Review by Publisher's Weekly Review
In this frank, salacious work delineating her desperate attempt at emotional and sexual liberation, the Scranton, Penn., author and frustrated wife ultimately recognizes that she lost a great deal and gained little. As an editor at San Francisco's lifestyle magazine 7 x 7, married for 10 years to Scott, a successful, though emotionally opaque entrepreneur ("His erection was solid and dependable, just like him"), dealing with her childhood of parental alcoholism and brutality, and facing childlessness by her mid-40s, Rinaldi resolved to contemplate an open marriage when her husband took the decisive step to get a vasectomy rather than have children. Rather surprisingly, he agrees to the arrangement, and while the couple spends the weekdays together at their shared home near the Castro, Rinaldi gets a studio and begins a dizzying round of Nerve.com dates that fulfill her need for sexual exploration, though she sets firm perimeters in terms of emotional attachment. Luckily, in San Francisco, she notes wryly that "polyamory wasn't all that rare," and she gravitates toward the "urban commune" called OneTaste, which conducts hands-on orgasm meditation (OM) seminars for men and women, and where Rinaldi ultimately finds her most satisfying lovers-also women. To her credit, Rinaldi does not hide the dark side to this odyssey-her own jealousy at Scott's lover, her absolute self-absorption and mendacity-but her ability to grasp its soul-driving necessity without insisting on winning over her readers renders this a notable work of self-knowledge. (Mar) © Copyright PWxyz, LLC. All rights reserved.
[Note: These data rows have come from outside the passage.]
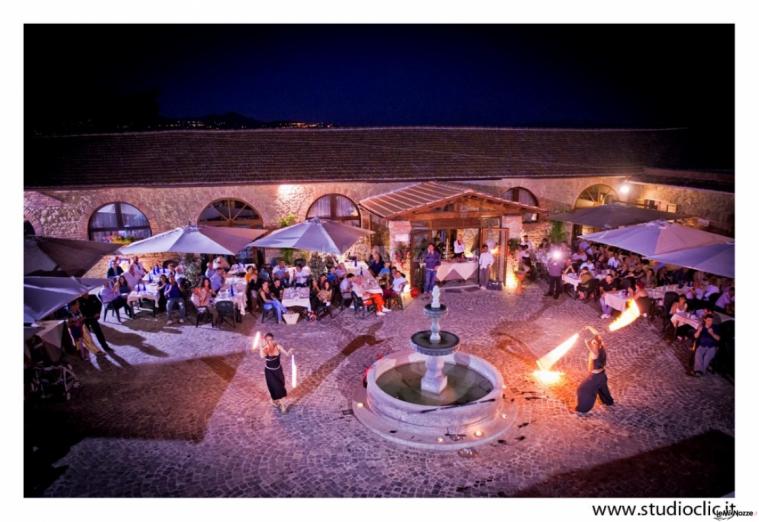 Ricevimento di matrimonio nel cortile del Borgo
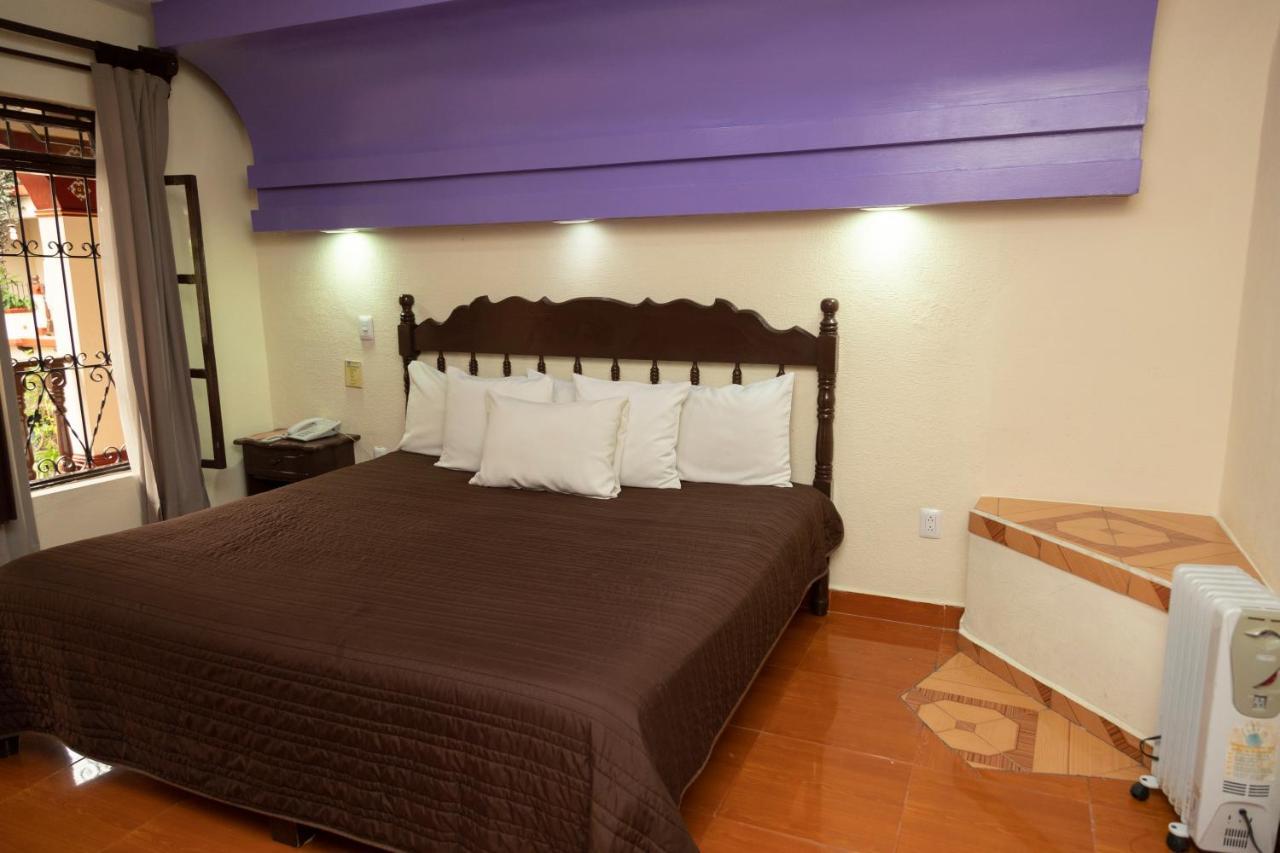 Hotel D'Monica San Cristóbal de Las Casas المظهر الخارجي الصورة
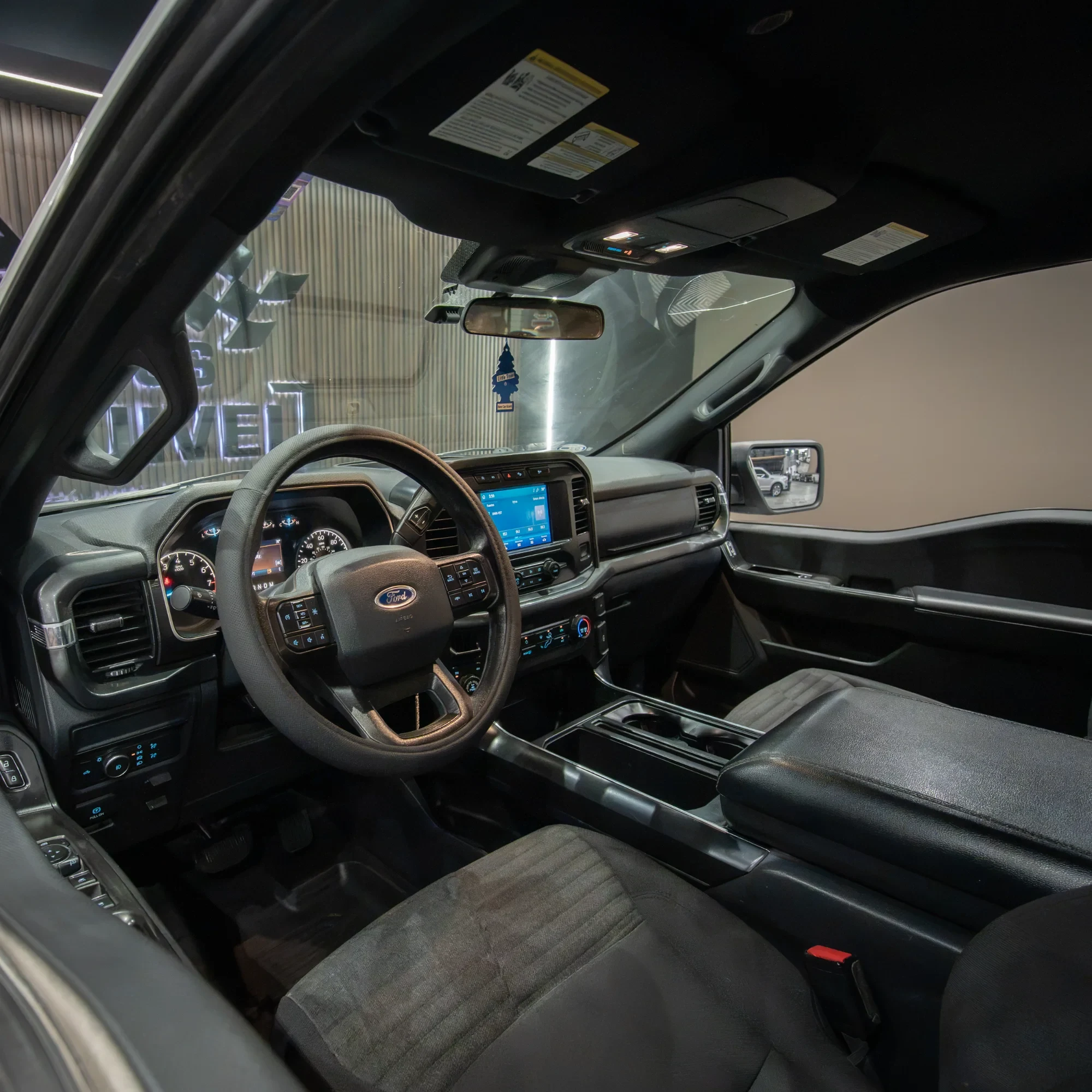 FORD LOBO 4X4 2021 - imagen 9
(c) Copyright PWxyz, LLC. All rights reserved
Review by Library Journal Review
Magazine editor and writer Rinaldi and her husband, Scott, had reached a marital impasse-she wanted kids, desperately; he did not, definitely. Shortly after Scott got a vasectomy, Rinaldi came up with a plan B (or plan S-E-X) for herself. Instead of divorce, more counseling, or throwing herself into charity work, she chose to pursue erotic experiences. As she put it, she didn't want to look back on her life with "no kids and only four lovers." She devised an open-marriage plan, the Wild Oats Project, whereby she spent weekdays and nights at a bachelorette pad, visiting dating websites, having assignations, joining sex workshops and groups, then heading home to Scott on weekends. As one might expect about her best laid plans, things go awry. But the author gets to put a few notches on her bedpost and perhaps find fulfillment and even more self-knowledge at the end of her -project. VERDICT While at times the author is exasperating and one might marvel at her husband's patience, her daring project and avid search for passion is a true page-turner. For anyone who's wondered "what if" or "should I?" [See Rinaldi Q&A, p. 116.]-Liz French, Library Journal © Copyright 2015. Library Journals LLC, a wholly owned subsidiary of Media Source, Inc. No redistribution permitted.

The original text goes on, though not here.